Assets are everything of value that an organization owns, including property and cash. Net assets refer to what an organization has left over after all its liabilities -- or debts -- have been paid off. There are different types of net assets, including restricted and unrestricted net assets. Restricted assets are most common in nonprofits that receive money from donors. Understanding the difference between restricted and unrestricted net assets can help you better make sense of an organization’s finances.
Unrestricted Net Assets
Unrestricted net assets are part, but not all, of what would be left over if the organization’s liabilities were all satisfied today. This portion of its net assets can be used however the organization sees fit. That means that their use is not restricted by law, shareholders or donors.
Restricted Net Assets
Unlike unrestricted net assets, restricted net assets can’t be used however an organization sees fit. Rather, these assets must be used in accordance with the entity that placed the restrictions on their use, such as donors in a nonprofit organization, shareholders in a for-profit corporation or even the law. Restrictions might state how much of that money can be used in any given year, or what the money can be used to purchase or pay for.
For any organization, be it a small charity or a large corporation, unrestricted funds are the most desirable because they give organizational leaders the ability to use the money in any manner that they believe best furthers the organization’s goals. This might include paying for salaries of additional staff, making facilities improvements or expanding their reach. On the other hand, restricted assets can be a way for donors, shareholders or other constituents to money they are giving to or investing in an organization is being used in the way they’d like it to be; for individuals, restricted net assets can hold more appeal.

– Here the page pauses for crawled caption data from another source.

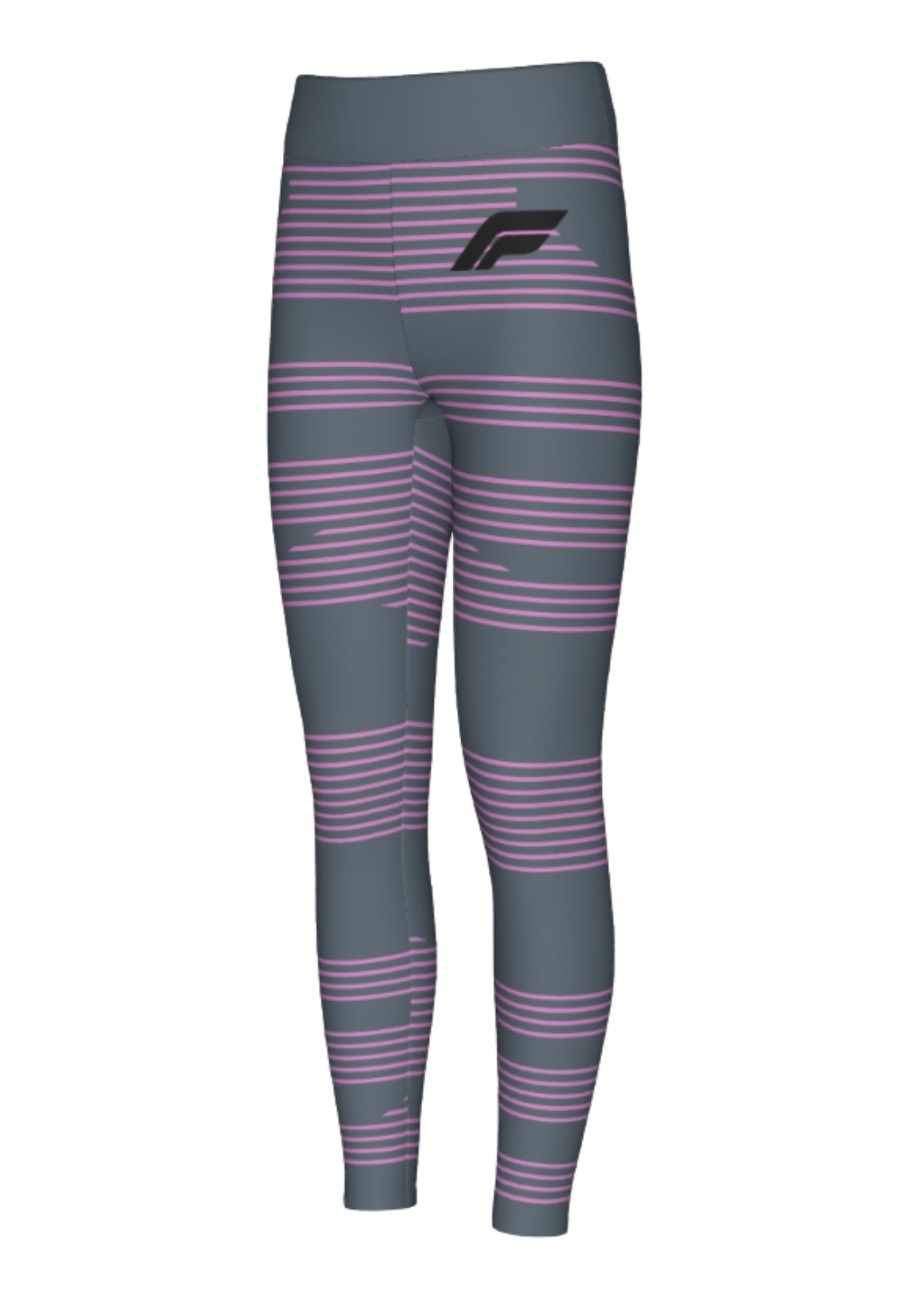 Leggings -0034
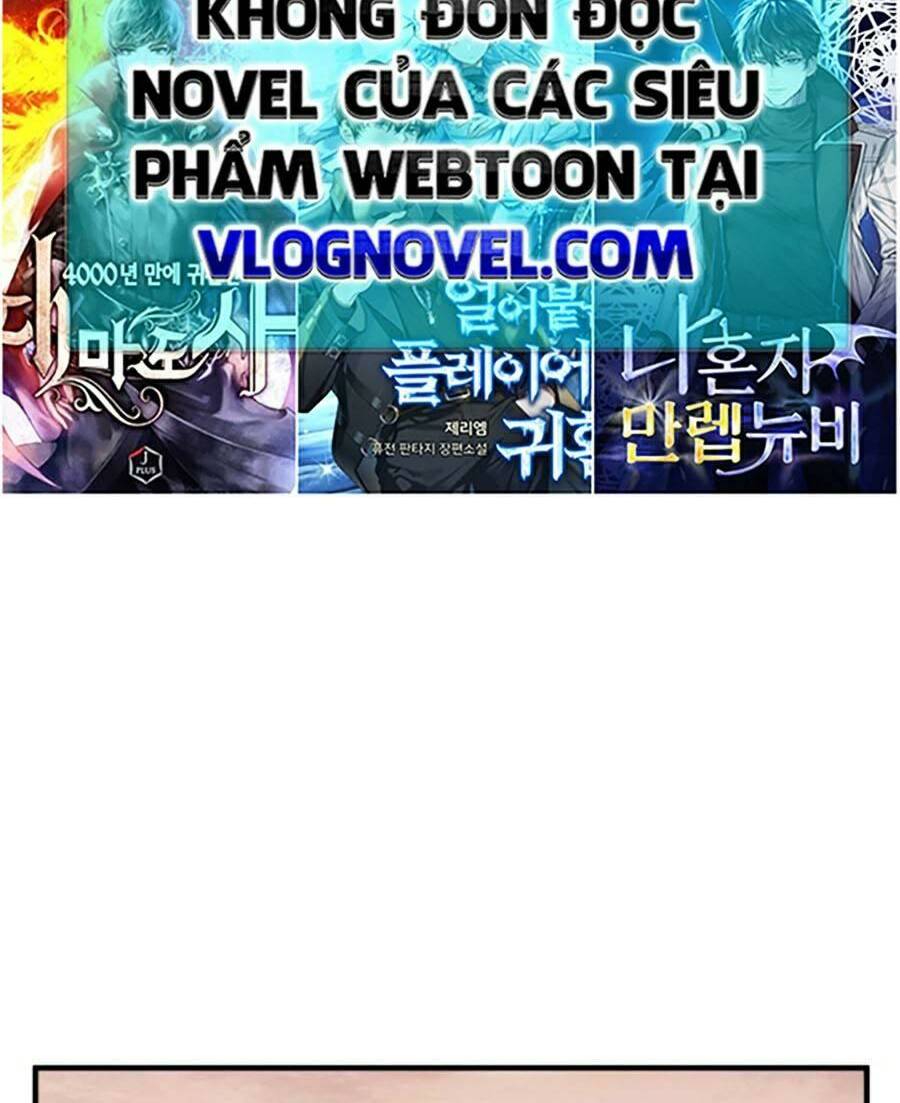 Chương 161 - Trang 42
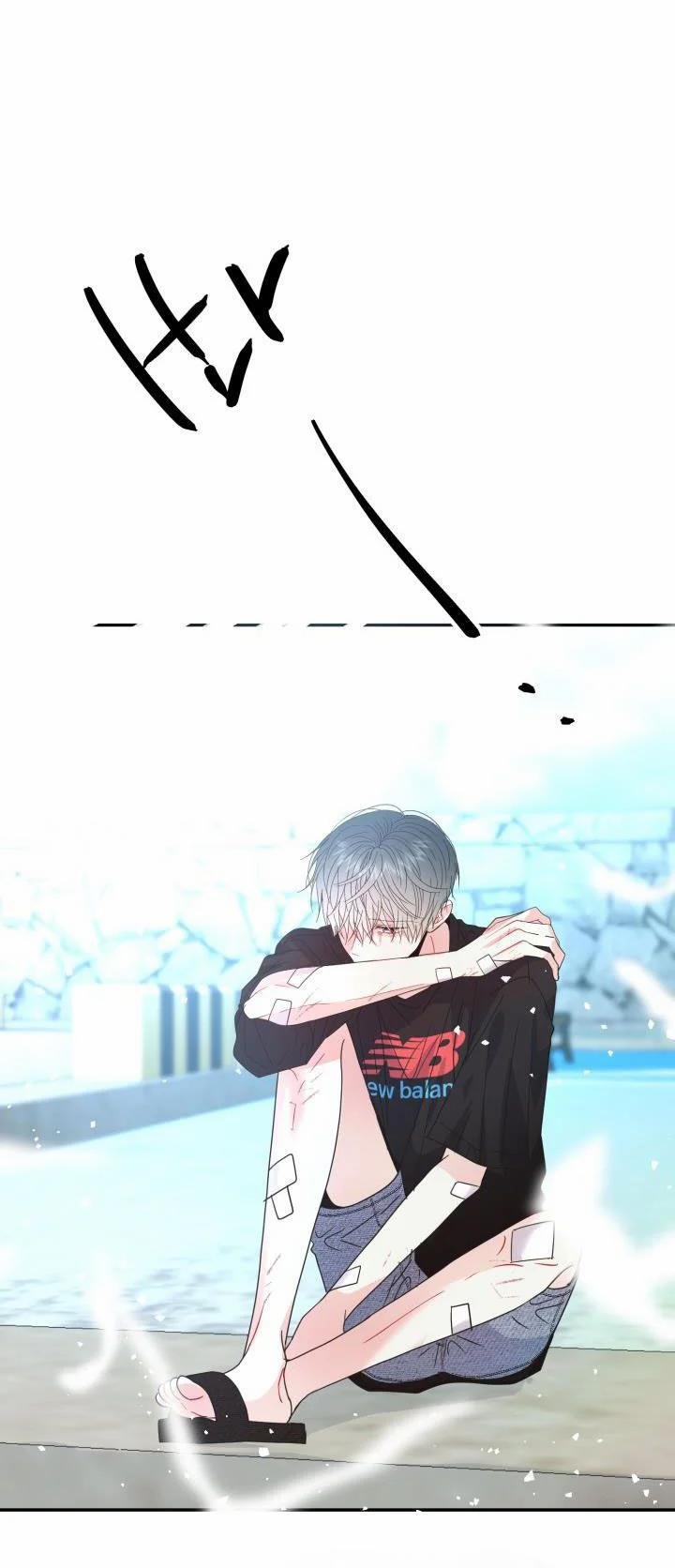 Yêu Em Thêm Lần Nữa (Love Me Again) 21.1 trang 10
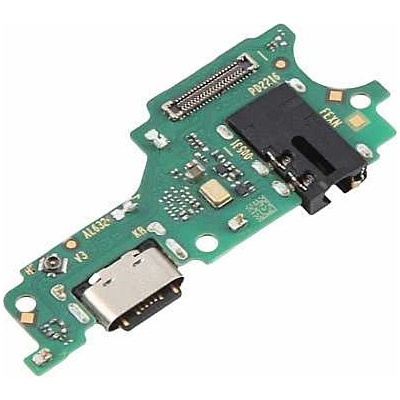 VIVO Блок захранване Vivo Y02s V2203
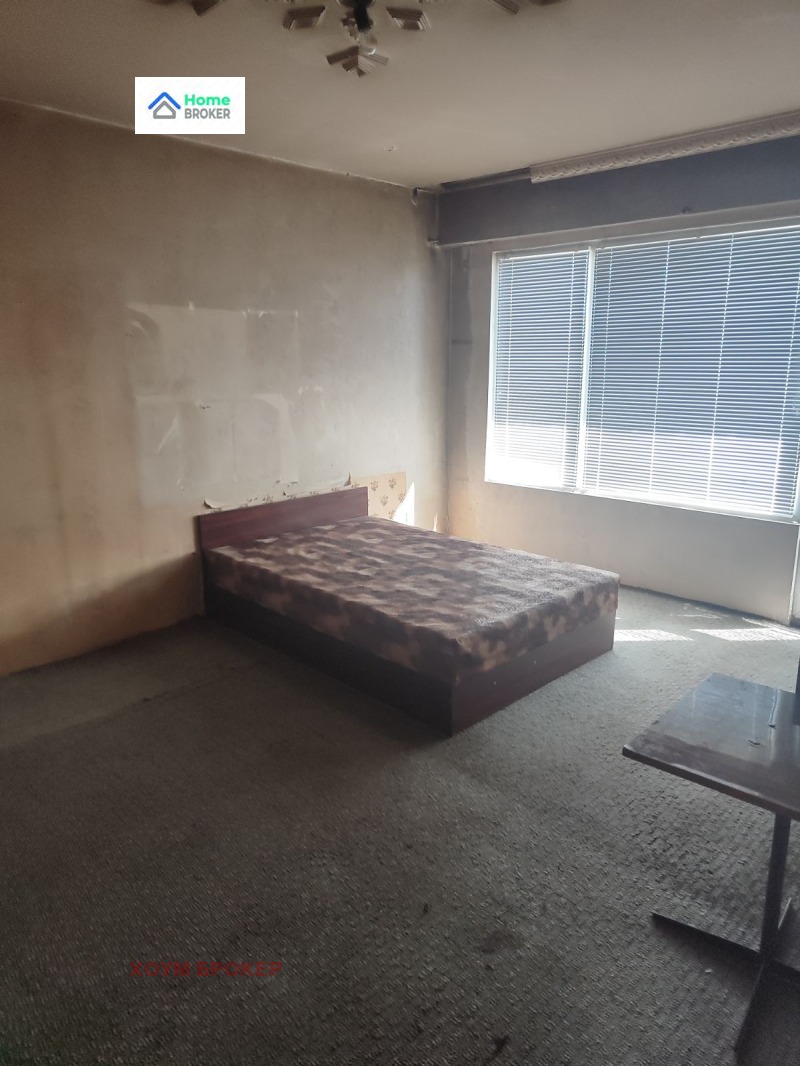 Na prodej  1 ložnice Vidin , Vida 1 , 66 m2 | 67760141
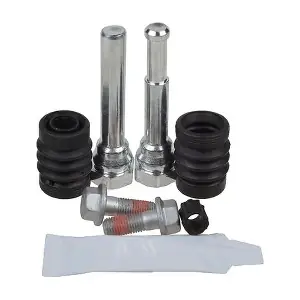 04-98858-SX STELLOX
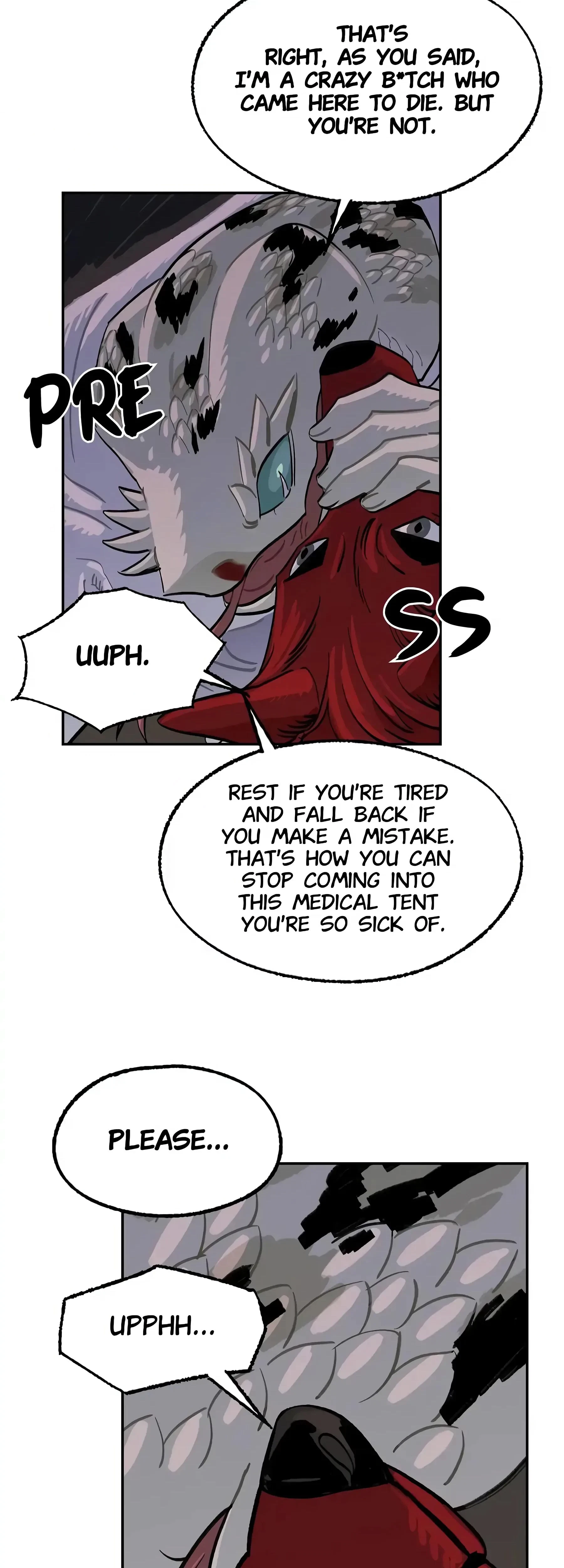 Chapter 41, page 21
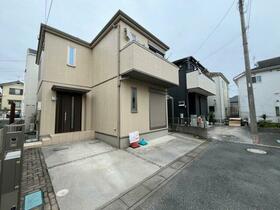 埼玉県さいたま市緑区大間木２丁目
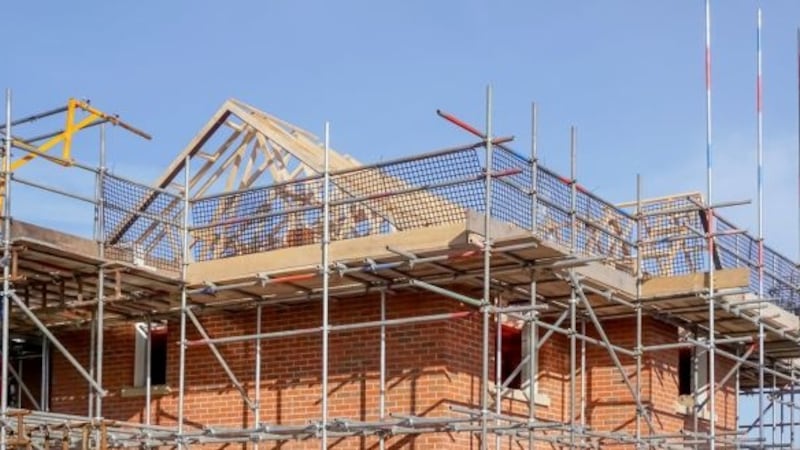 Ardstone moves closer to Ires Reit and how to get your finances straight for 2026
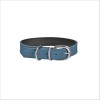 Collier Aspen Pour Chien Bobby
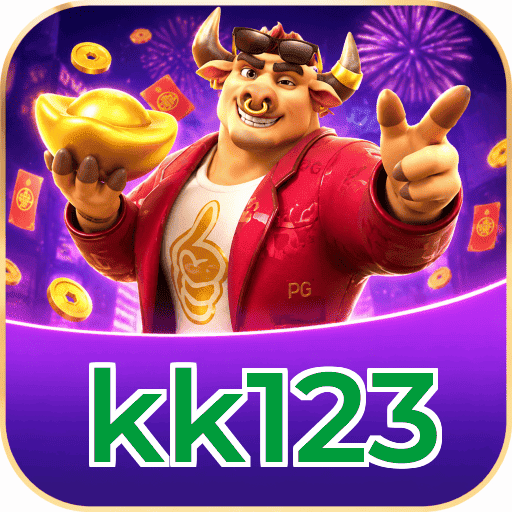kk123 System Requirements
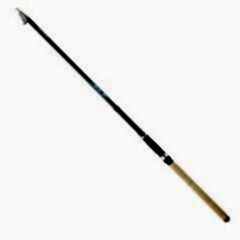 Daiwa New Megaforce 3.90m 70-150gr Tele Olta Kamışı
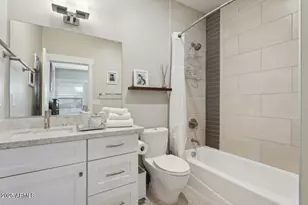 1400 E Bethany Home Rd, Phoenix, AZ 85014 - Photo 7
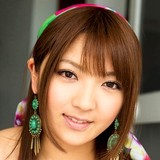 Shiori Kamisaki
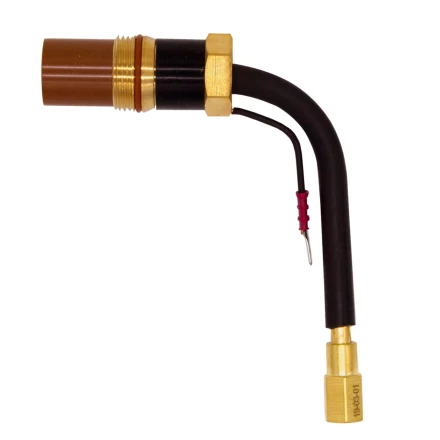 Головка плазмотрона (PW 141) XLPF0155 купить в Перми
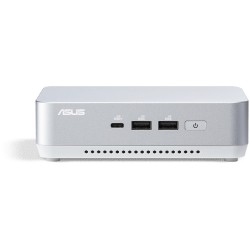 Buy ASUS NUC GEN14 Pro+ Revel+ Canyon U7 - NUC14RVSU70YBR2 - 32GB DDR5, 1TB NVMe... in Cyprus, Nicosia, Limassol, Larnaka, Pafos
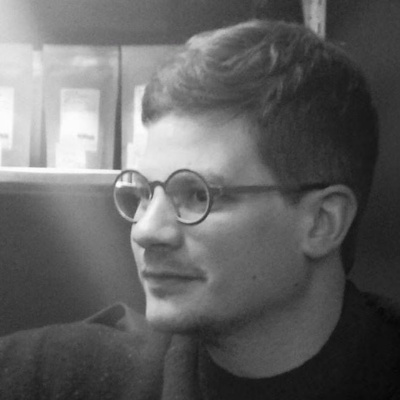 De Eliaasheid Der Dingenen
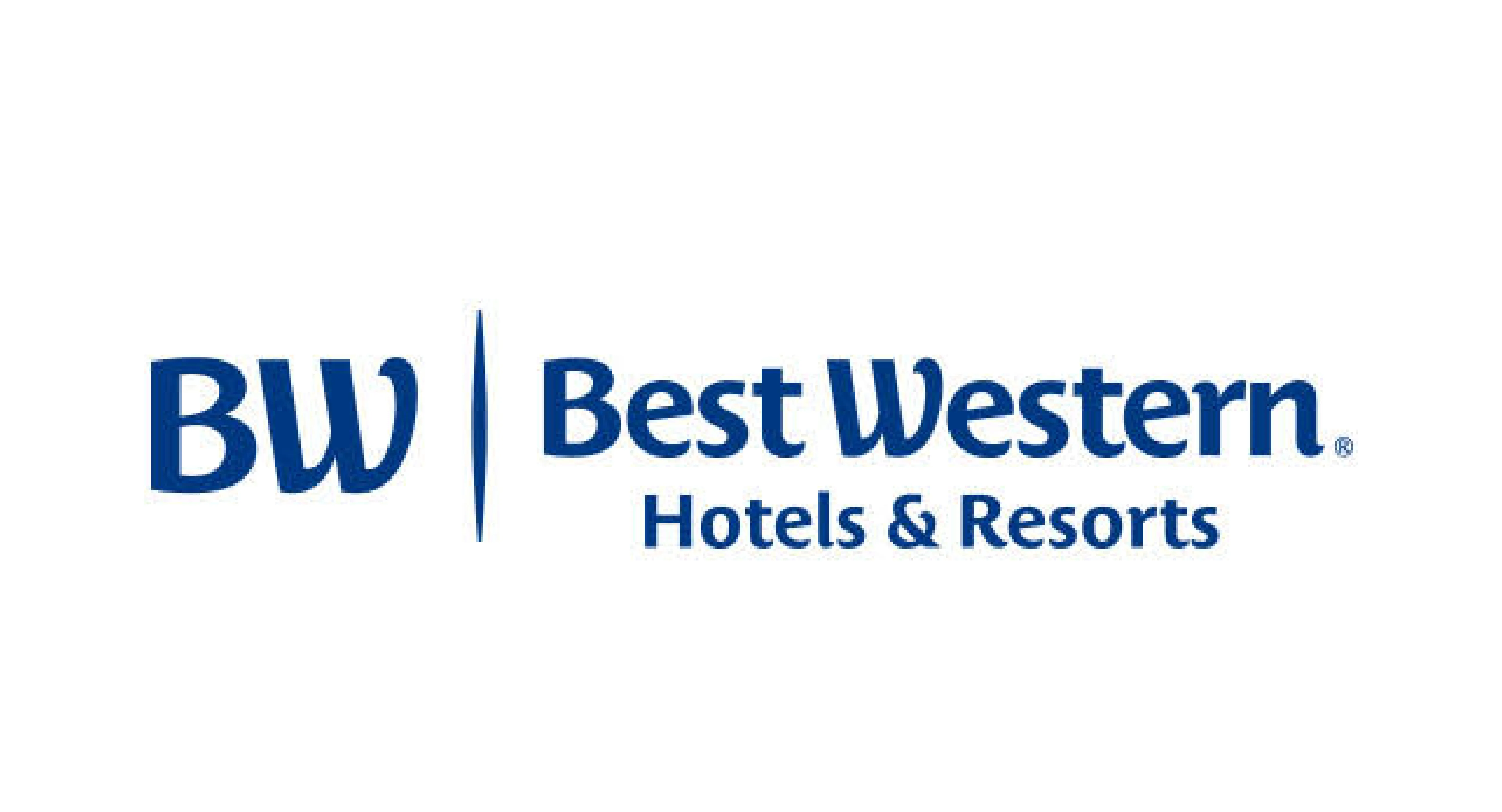 Hotel Elsyee - DHT APAC Conference Partner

The problem with having both restricted and unrestricted net assets is that it can give a skewed idea of an organization’s finances. For instance, a donor might see an organization’s net assets as being $2 million without realizing that the vast majority of that money might be unavailable for everyday operating expenses because it comes from restricted funds. So even if an organization has a lot in net assets, it may not have the required reserves to carry out all operational functions with financial ease.